Per trebbiare il grano, il bastone di diametro maggiore, cioè il mànegu, viene impugnato alla base con entrambe le mani, mentre si fa battere il bastone più piccolo sulle spighe, in un costante movimento rotatorio. Questo sistema è stato abbandonato con l’avvento negli anni delle macchine da trebbiatura, la cui presenza nelle aie è testimoniata nella sala dalla presenza di una trebbiatrice e di un vaglio ventilatore, utilizzati nella zona di Realdo.
Alle volte era necessario affilare il falcetto, cioè la falce messoria (u vuame), oppure quella fienaia (a foussuia). In una serie di fotografie si vede uno degli ultimi contadini, Giacumin Lanteri, mentre compie questa importante operazione. La falce, posta su di una piccola incudine (a martelaü(r)a), era percossa con un apposito martello. In verità, l’agricoltore non mancava mai di portare con sé la cote (a cueta), ponendola in un astuccio (u cué), legato alla cinghia dei pantaloni. Non appena si accorgeva che l’attrezzo non tagliava più a dovere, estraeva la cote, passandola tosto sulla lama, che ritornava ad adempiere perfettamente alle sue funzioni.

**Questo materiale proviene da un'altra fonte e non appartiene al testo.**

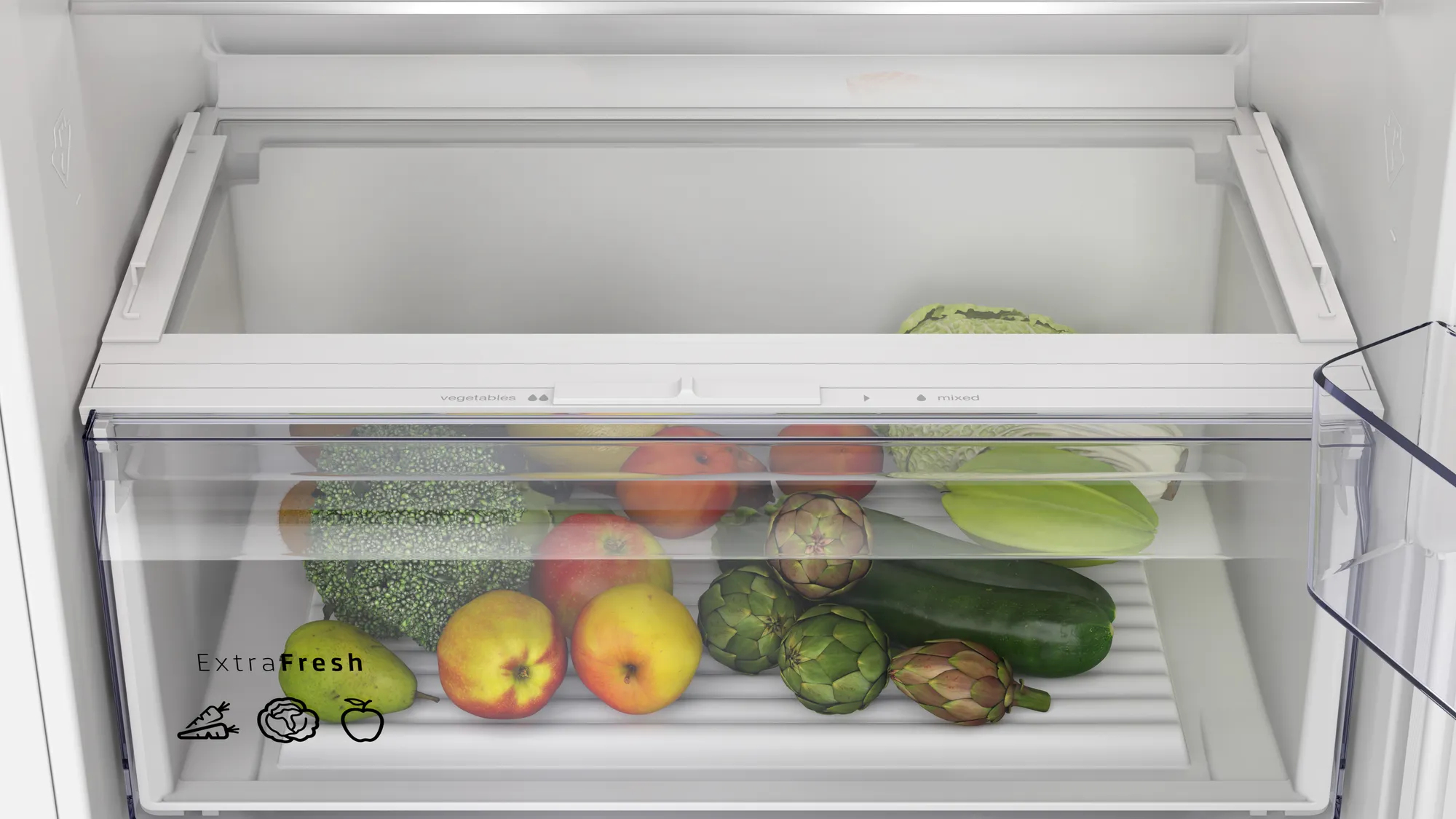 Dentro de un refrigerador, se almacenan verduras y frutas. Se ven manzanas, alcachofas, calabacín y brócoli en el cajón.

Dalla macinazione del grano, che avveniva nei mulini della valle e ancora prima direttamente nelle aie con l’uso di un mulo o di un asino che faceva ruotare un’enorme macina (u roazzu), si otteneva un’ottima farina, utilizzata per il pane rotondo di Triora, anticamente cotto nei tre forni pubblici e oggi nell’unico esistente in corso Italia.
Oltre al pane rotondo, viene preparata e cotta ancora oggi una caratteristica pagnotta con due teste, che ha tra i suoi ingredienti i semi di finocchio. È distribuita dalla Confraternita della Buona Morte al Venerdì Santo.

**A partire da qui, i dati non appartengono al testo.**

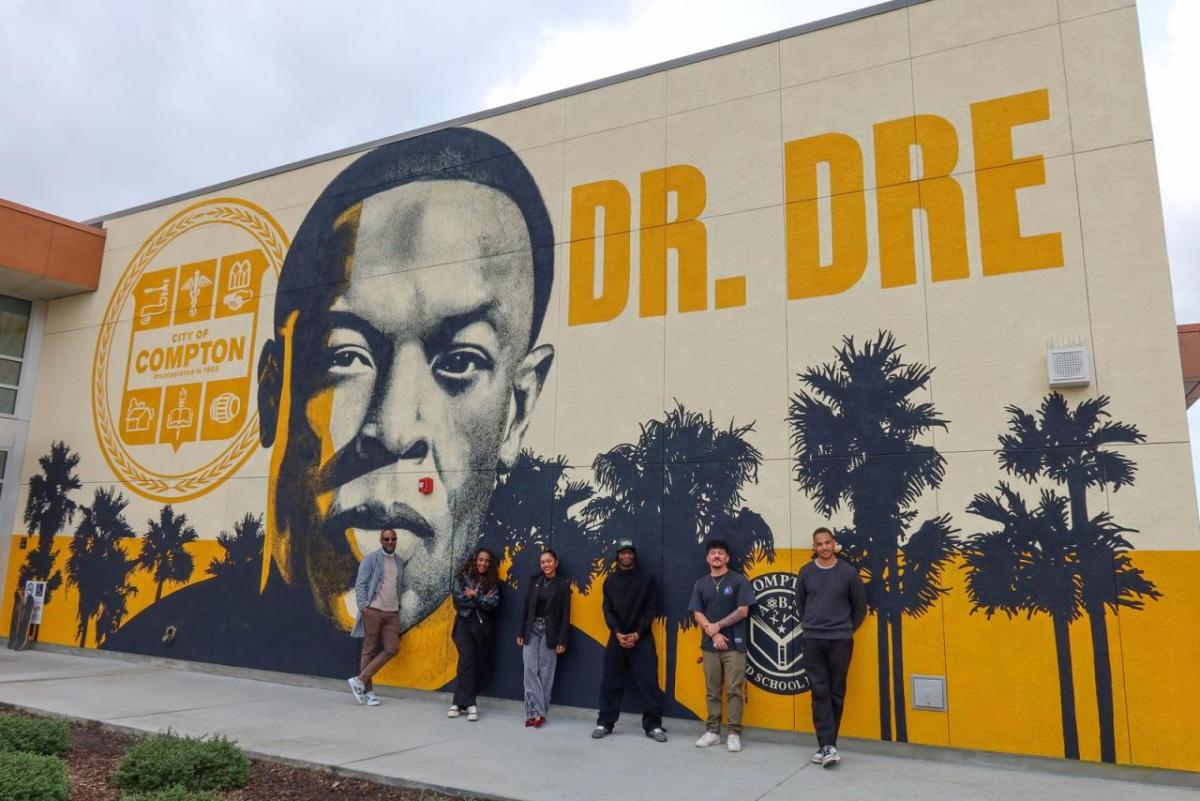 AEG team members pose outside Compton High School in front of the Andre “Dr. Dre” Young Performing Arts Center mural during a campus visit focused on career exposure and community engagement.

Per ricordare l’importanza di questo prodotto per l’economia del paese è stata ricostruita la bocca di un forno, con accanto una tavola per impastare la farina ed una lunga pala di legno (l’infornavui(r)a) per collocarvi dentro il pane.

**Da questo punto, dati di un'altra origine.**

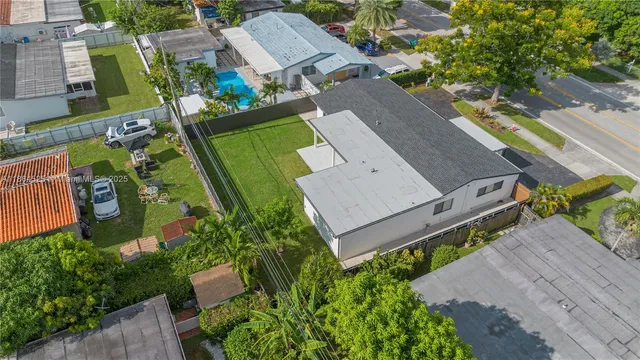 an aerial view of a house with a garden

Fra i mestieri praticati nel paese e nei suoi dintorni non va dimenticato quello del falegname; lo testimoniano qui numerosi attrezzi (pialle, martelli, morsetti) posti su un banco. Appoggiati accanto o appesi al muro sono visibili scuri e seghe a rimarcare il grande utilizzo del legno, per la costruzione di bastoni, attrezzi agricoli e cesti di ogni misura.
L’incudine posta sul ceppo di legno, infine, è il semplice ma giusto riconoscimento all’attività del fabbro ferraio, in queste zone necessariamente abile anche come maniscalco, per l’elevato numero di muli.